1. A computer-implemented method of managing data in a data vector, the computer-implemented method comprising:
partitioning a data vector into user-defined strides;
assigning each of the user-defined strides to a different memory chip for storage in a computer; and
initiating a Strided Vector Store (SVS) command, wherein the SVS command causes first user-selected/user-defined strides from the data vector to be parallel stored in different memory chips in the computer.
2. The computer-implemented method of claim 1, wherein all of the user-defined strides in the data vector are of a same size.
3. The computer-implemented method of claim 1, wherein the SVS command is initiated internally by the computer.
4. The computer-implemented method of claim 1, wherein the SVS command is initiated within a network that is coupled to the computer.
5. The computer-implemented method of claim 1, wherein the different memory chips are a system memory in the computer.
6. The computer-implemented method of claim 1, wherein each of the user-defined strides are stored in the different memory chips without regard as to whether a particular user-defined stride has data or not.
7. The computer-implemented method of claim 1, wherein the data vector contains only operand data.
8. The computer-implemented method of claim 1, wherein the data vector contains only instructions.
9. The computer-implemented method of claim 1, further comprising:
in response to determining that the different memory chips all support a bit-width of the first user-selected/user-defined strides, completing execution of the SVS command to complete a parallel storing of the first user-selected/user-defined strides from the data vector.
10. The computer-implemented method of claim 1, further comprising:
in response to determining that the different memory chips do not all support a bit-width of the first user-selected/user-defined strides, stopping execution of the SVS command and executing a sequential store of the first user-selected/user-defined strides across the different memory chips in the computer, wherein a single user-defined stride is stored in different memory chips.
11. The computer-implemented method of claim 1, further comprising:
in response to determining that the different memory chips do not all support a bit-width of the first user-selected/user-defined strides, stopping execution of the SVS command and executing a sequential store of the first user-selected/user-defined strides across the different memory chips in the computer, wherein multiple user-defined strides are stored in a same memory chip.
12. The computer-implemented method of claim 1, further comprising:
initiating a Strided Vector Load (SVL) command, wherein the SVL command parallel retrieves at least one second user-selected/user-defined stride from the different memory chips, and wherein the second user-selected/user-defined stride comprises at least one stride from the first user-selected/user-defined strides.

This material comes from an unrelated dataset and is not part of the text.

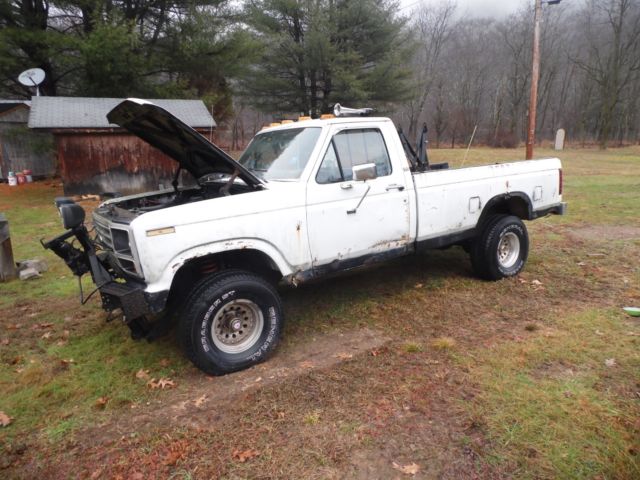 1985 Red Ford F-150 Standard Cab Pickup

13. The computer-implemented method of claim 12, further comprising:
in response to determining that the different memory chips all support a bit-width of second user-selected/user-defined strides, completing execution of the SVL command to complete a parallel loading of the second user-selected/user-defined strides from the different memory chips.
14. The computer-implemented method of claim 12, further comprising:
in response to determining that the different memory chips do not all support a bit-width of second user-selected/user-defined strides, stopping execution of the SVL command and executing a sequential load of the second user-selected/user-defined strides from the different memory chips in the computer.
15. The computer-implemented method of claim 12, wherein the first user-selected/user-defined strides and said at least one second user-selected/user-defined stride comprise a different number of strides from the data vector, and wherein the SVL command selectively loads less than all of the second user-selected/user-defined strides.
16. A system comprising:
a system bus;
a processor coupled to the system bus;
a memory controller coupled to the system bus;
a plurality of memory chips coupled to the memory controller; and
a storage device coupled to the system bus, wherein encoded in the storage device is a Strided Vector Store (SVS) command, and wherein the SVS command, upon execution by the processor, causes the memory controller to parallel store first user-selected/user-defined strides from a data vector into different memory chips from the plurality of memory chips.
17. The system of claim 16, wherein the storage device further stores a Strided Vector Load (SVL) command, wherein the SVL command, upon execution by the processor, causes the memory controller to parallel load at least one second user-selected/user-defined stride from the plurality of memory chips into the processor, and wherein the second user-selected/user-defined stride comprises at least one stride from the first user-selected/user-defined strides.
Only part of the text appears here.